CLADES: Critical Language Awareness, Democratic Engagement and Sustainability
CLADES is built on the belief that language is never neutral – it either reproduces the status quo or reshapes it. By increasing critical language awareness, we would like to empower future citizens not just to see the world differently, but to change it.
Why CLADES?
From climate disruption and social inequality to rising misinformation and polarised politics, many of today’s most pressing issues are not just political or scientific – they are linguistic. The way we talk shapes the way we think.
Language subtly (and not so subtly) influences how we see ourselves, others, and the planet. Consider how we talk about nature: talking about “natural resources” or “ecosystem services” reduces the environment to something that exists purely for human use. Language that celebrates economic growth (“milestone achievements in market expansion”) often hides environmental toll. War metaphors in agriculture (“crop protection”, “fighting pests”) present nature as an enemy that needs to be defeated.

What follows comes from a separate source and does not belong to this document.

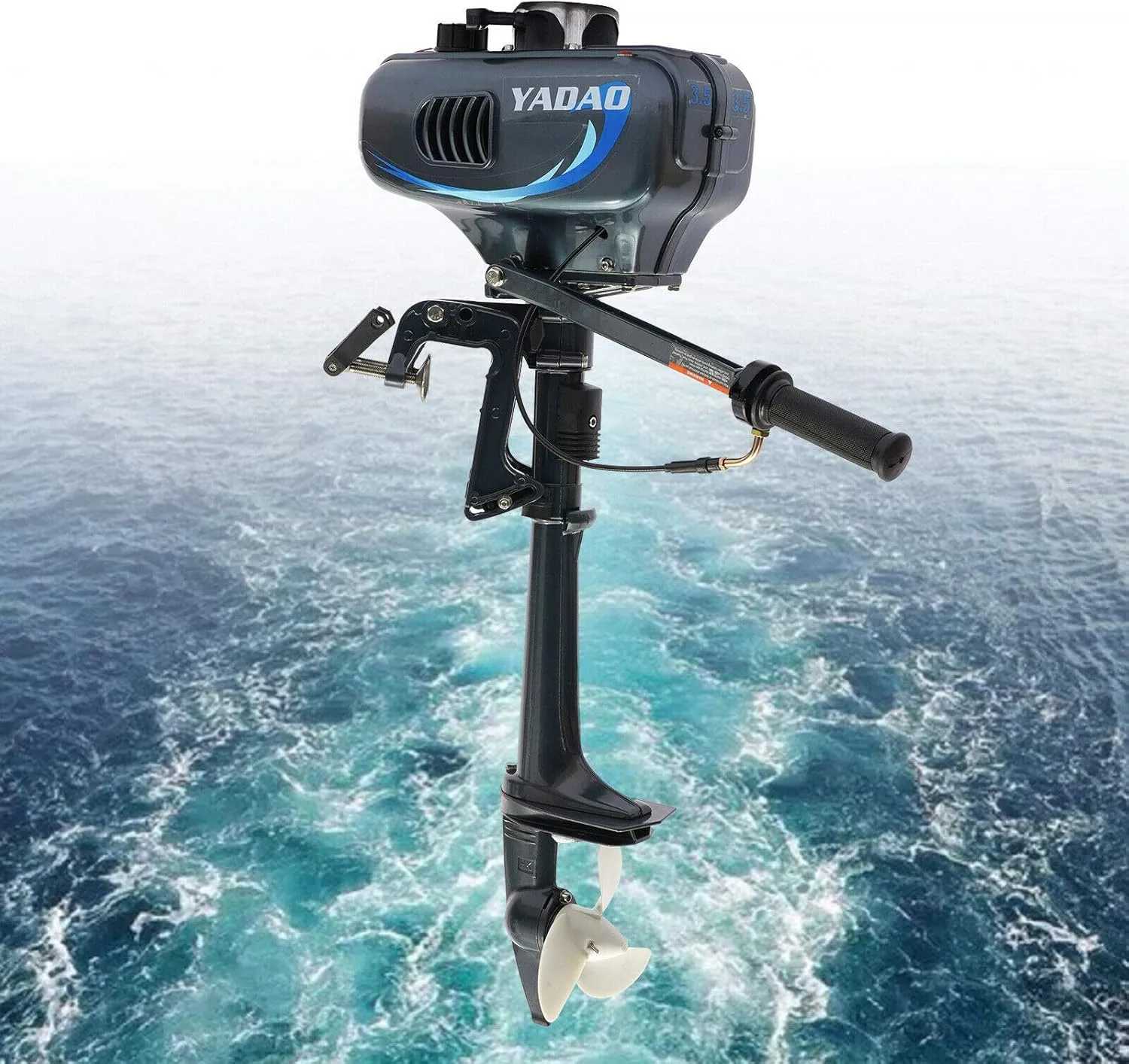 Outboard Motor Boat Engine, 2 Stroke Heavy Duty Fishing Boat Engine 3.5HP Gas Trolling Motor with Water Cooling CDI System for Rubber Boats, Inflatable Boats, Sailboats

The same happens when we talk about people: referring to migrants as a “flood” turns human beings into a threat. Labelling jobs related to manual labour as “low-skilled” undermines their value. Drawing lines between “native” and “non-native” speakers reinforces accent bias and the privilege of the so-called native speaker. Political slogans like “take back control” may sound empowering, but often mask exclusionary ideologies. These linguistic patterns sustain discrimination – sexism, racism, classism, ableism, ageism, accentism – and obscure the structural injustices they rely upon.
Yet, in many education systems, the social power of language remains underexplored — especially outside disciplines that explicitly focus on language.
CLADES aims to address this gap.
What is CLADES?
CLADES – Critical Language Awareness, Democratic Engagement and Sustainability – is a European Erasmus+ project that wants to engage students and educators to critically reflect on language as a force that shapes our social and ecological realities.
The project focusses on three core goals:
- RECOGNISING THE POWER OF LANGUAGE
CLADES helps participants identify how language constructs meaning on a macro and micro level – through narratives, framing and the subtle judgments encoded in vocabulary. From anthropocentric ways of talking about nature, to metaphorical framings like the “wave” or “flood” of migration, to value-laden terms like “only child” or “working mother” — across languages (e.g. mauvaises herbes, malas hierbas) — language profoundly influences perception.
2. UNCOVERING HARMFUL PATTERNS
The project teaches how to critically expose problematic discourses across domains like science, business, politics, history and media. These include overt and covert hate speech, obfuscating language (e.g. by increasing text complexity and waffle to mask poor company performance and non-commitment), and forms of non-inclusive or biased expressions that can reinforce inequality and obscure injustice.
3. CREATING EMPOWERING ALTERNATIVES
CLADES encourages the development of new, inclusive, and sustainable ways of speaking. This involves rethinking narratives, reframing perspectives, and choosing more conscious language — for example, describing a “childless family” as an “adult-only household” as a more neutral way to acknowledge other family constellations, or reframing “invasive species” as “human-introduced species” to demonstrate human involvement in disrupting biotopes.
Through this approach, CLADES promotes critical language awareness as a foundation for equity, sustainability, and active democratic engagement.
Who are we?
This project brings together five partner institutions: Comenius University (Slovakia), Ghent University (Belgium), University of Gloucestershire (UK), University of Groningen (Netherlands), and SOLIDAR Foundation (Belgium).